Special Photo Challenge: Inspiration

Finding a picture that explains my blogging inspiration is a tricky one but I have settled on this one because it works on several levels:

When my dad died I took possession of a box of papers and mementos which included a scrap book and several exercise books with yellowing dog-eared pages which included notes and stories of things that he liked to write about and keep a record of and these provided a treasure trove of secrets that helped me understand him and get to know him in a different way to I did when he was alive.  Discovering new things about him really shouldn’t have come as a great surprise because there are many dimensions to a life but the only one that I was fully familiar with was in his role as my father.

This box of old books is now one of my most treasured possessions and I return to it regularly for inspiration.  It is a record of his life that he recorded and archived and I feel privileged to possess this box of history.  It occurred to me one time that if my dad had had access to the internet and to the opportunity to share these things with others through a wider medium then he would surely have been a blogger and because I hoped that in twenty or thirty year’s time my own children might like to know about me in the same way, but I don’t want to keep scrap books or written journals, then I decided that the appropriate modern equivalent to the scrap book would be through blog posts.

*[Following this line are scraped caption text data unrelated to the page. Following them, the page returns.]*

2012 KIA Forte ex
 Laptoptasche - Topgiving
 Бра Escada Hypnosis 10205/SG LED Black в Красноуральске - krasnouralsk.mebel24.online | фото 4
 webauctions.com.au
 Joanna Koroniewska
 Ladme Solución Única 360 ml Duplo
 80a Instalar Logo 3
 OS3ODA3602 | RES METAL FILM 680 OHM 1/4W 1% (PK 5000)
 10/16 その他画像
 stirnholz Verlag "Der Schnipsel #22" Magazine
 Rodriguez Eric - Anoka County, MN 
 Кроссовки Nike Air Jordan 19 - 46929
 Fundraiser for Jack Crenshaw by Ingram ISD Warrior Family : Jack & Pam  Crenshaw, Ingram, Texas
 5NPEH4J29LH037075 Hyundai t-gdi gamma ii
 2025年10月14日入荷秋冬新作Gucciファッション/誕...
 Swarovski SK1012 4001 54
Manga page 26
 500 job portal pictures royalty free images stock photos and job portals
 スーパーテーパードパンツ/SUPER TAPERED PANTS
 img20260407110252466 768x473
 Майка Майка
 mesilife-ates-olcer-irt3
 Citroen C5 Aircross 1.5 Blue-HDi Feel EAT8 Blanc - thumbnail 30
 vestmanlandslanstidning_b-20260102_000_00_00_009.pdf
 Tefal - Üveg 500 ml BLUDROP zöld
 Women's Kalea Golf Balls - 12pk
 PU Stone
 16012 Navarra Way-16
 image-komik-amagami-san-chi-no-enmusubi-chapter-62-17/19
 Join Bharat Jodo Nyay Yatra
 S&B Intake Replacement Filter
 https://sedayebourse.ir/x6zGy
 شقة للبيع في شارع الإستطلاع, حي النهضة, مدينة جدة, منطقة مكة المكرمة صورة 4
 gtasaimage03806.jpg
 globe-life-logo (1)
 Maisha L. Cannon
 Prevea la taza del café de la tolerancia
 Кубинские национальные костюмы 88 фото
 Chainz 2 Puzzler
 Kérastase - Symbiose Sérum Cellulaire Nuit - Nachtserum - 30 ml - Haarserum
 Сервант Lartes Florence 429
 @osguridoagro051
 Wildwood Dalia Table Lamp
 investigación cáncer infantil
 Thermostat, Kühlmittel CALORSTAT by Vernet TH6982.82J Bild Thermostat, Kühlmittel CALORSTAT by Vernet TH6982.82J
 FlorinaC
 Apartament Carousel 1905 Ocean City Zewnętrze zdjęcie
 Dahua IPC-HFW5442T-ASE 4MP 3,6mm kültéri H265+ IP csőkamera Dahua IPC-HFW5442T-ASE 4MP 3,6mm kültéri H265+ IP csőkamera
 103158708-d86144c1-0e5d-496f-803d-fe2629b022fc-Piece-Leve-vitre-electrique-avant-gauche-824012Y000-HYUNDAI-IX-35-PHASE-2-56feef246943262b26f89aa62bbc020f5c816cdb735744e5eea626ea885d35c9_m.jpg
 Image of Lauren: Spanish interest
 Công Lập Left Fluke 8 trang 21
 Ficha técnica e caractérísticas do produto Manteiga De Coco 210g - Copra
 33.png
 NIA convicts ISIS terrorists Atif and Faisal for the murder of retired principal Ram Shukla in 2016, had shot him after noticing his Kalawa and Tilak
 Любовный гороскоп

Ivan Petcher Sports Reporter

In this picture I am with my grandchildren, we are sitting on a beach in Greece and waiting for a boat to take us to the town of Corfu.

When I was a boy, we used to travel (not far and certainly not overseas – we didn’t even have a car) but we always had a family holiday and days out now and again.  These were important events because my dad had a passion for history and learning and so he shared his interests with me and inspired me in life to enjoy finding out about these places and to study.

Years later I had a family of my own and did the same things with my own children and now even more years later I have grandchildren and I want to introduce them to travel and history and to encourage them to do the same and so I record these events in my blog for them in the hope that one day they will discover it and it will give them some pleasure and inspiration.

My blog is about my travels, the places that I go, the things that I see and how these make me feel.  Writing about these travels has inspired me to read some of the classic travel writers and to gain inspiration from them.

This picture is taken in Kalami on Corfu and in the background of this picture is a white house, it doesn’t look much, it is a restaurant with some rooms above to rent, but this is the White House of Lawrence Durrell where he lived and worked in the 1930s and which is recorded in his book ‘Prospero’s Cell’.

It is conceited to imagine that I could ever produce a classic account of my travels but in the evenings as I sat on the balcony of the room and scribbled down my notes about the day I looked across to the White House and I imagined Lawrence Durrell sitting on his balcony and enjoying exactly the same view while searching for literary inspiration and discovering himself.